Circuit Breaker Pattern
In a distributed system, a slow dependency is more dangerous than a dead one. A dead dependency fails immediately. A slow one holds threads open, exhausts connection pools, and causes the failure to propagate upstream — taking down services that had nothing to do with the original fault.
The circuit breaker pattern addresses this by detecting sustained failures and stopping calls to a failing dependency entirely, giving it time to recover while protecting everything upstream.
The Problem: Cascading Failure
Consider this service chain:
User Request → Service A → Service B → Service C → Database
Service C's database starts struggling. Queries that normally take 10ms are now taking 30 seconds.
- Service B sends requests to C. They hang for 30 seconds waiting for a response.
- Service B has a thread pool of 50 threads. Within seconds, all 50 are blocked on C.
- Service A sends requests to B. B's thread pool is exhausted — requests queue up.
- A's threads start piling up waiting for B.
- The entire system freezes. All user requests time out.
One slow database brought down three services. The failure propagated upstream because each service kept retrying into an already-overloaded dependency. More calls made recovery harder, not easier.

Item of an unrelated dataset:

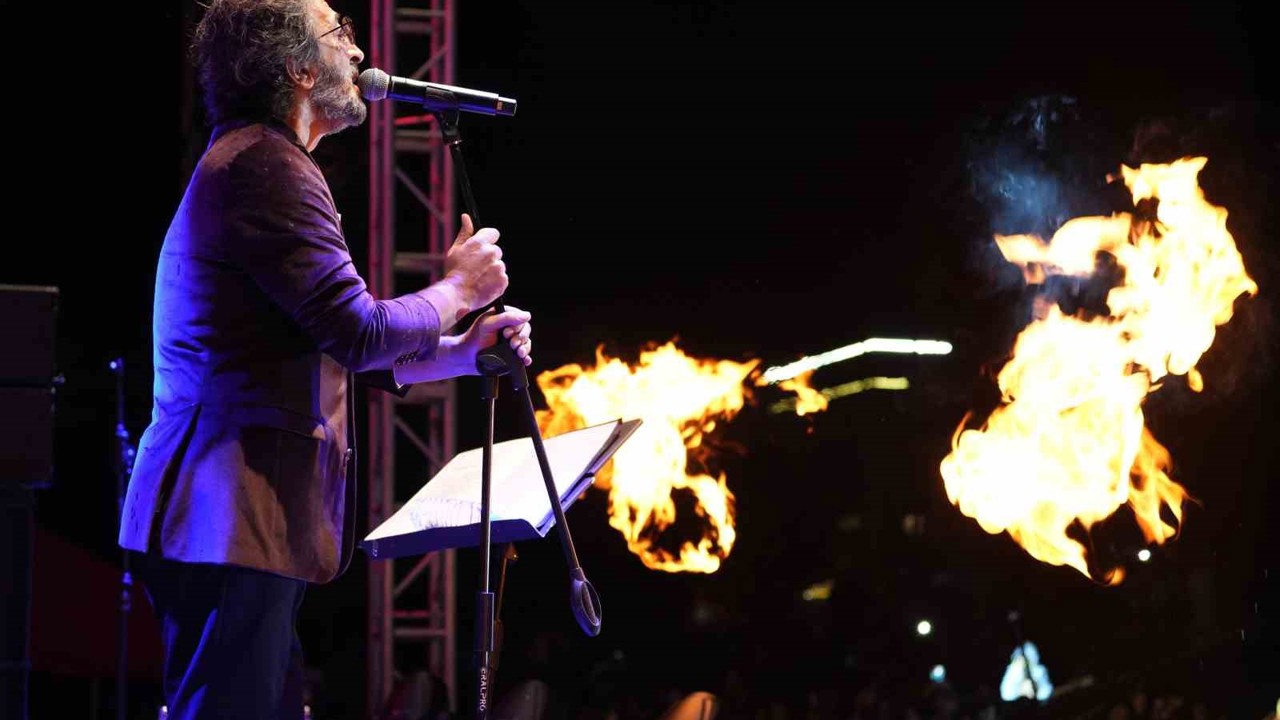 Yağmur altında Cumhuriyet coşkusu: Ünlü şarkıcı Fettah Can hayranlarıyla buluştu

The Solution: Three States
A circuit breaker wraps every call to an external dependency and tracks its health. It operates as a state machine with three states.
Closed — normal operation
All requests pass through to the dependency. The breaker monitors the failure rate over a rolling window. When the failure rate or slow-call rate exceeds a configured threshold, the breaker trips and moves to Open.
Threshold example: trip if >50% of the last 100 calls fail,
or if >50% take longer than 2 seconds
Open — failing fast
All requests are immediately rejected without making a network call. Callers receive an error in microseconds rather than waiting 30 seconds for a timeout. Two things happen:
- Calling services free up their threads immediately
- The failing dependency receives no new traffic and has a chance to recover
After a configured wait period (e.g., 60 seconds), the breaker moves to Half-Open.
Half-Open — probing
A small number of requests are allowed through as a probe. If they succeed, the dependency has recovered — the breaker closes. If they fail, the dependency is still unhealthy — the breaker opens again and the timeout resets.
State transitions:
CLOSED ──(failure rate ≥ threshold)──→ OPEN
OPEN ──(timeout expires)──────────→ HALF-OPEN
HALF-OPEN ──(probe succeeds)─────────→ CLOSED
HALF-OPEN ──(probe fails)────────────→ OPEN
Fallback behaviour
An open circuit does not have to return a bare error. Common fallback strategies:
- Return cached or stale data from the last successful response
- Return a safe default ("feature unavailable")
- Serve a degraded version of the feature
- Enqueue the request for later processing
Real-World Usage
Netflix Hystrix was the library that proved this pattern at scale. Every inter-service call at Netflix was wrapped in a Hystrix command. At peak, Netflix was making billions of circuit-breaker-protected calls per day. Hystrix is now in maintenance mode, succeeded by more modern alternatives.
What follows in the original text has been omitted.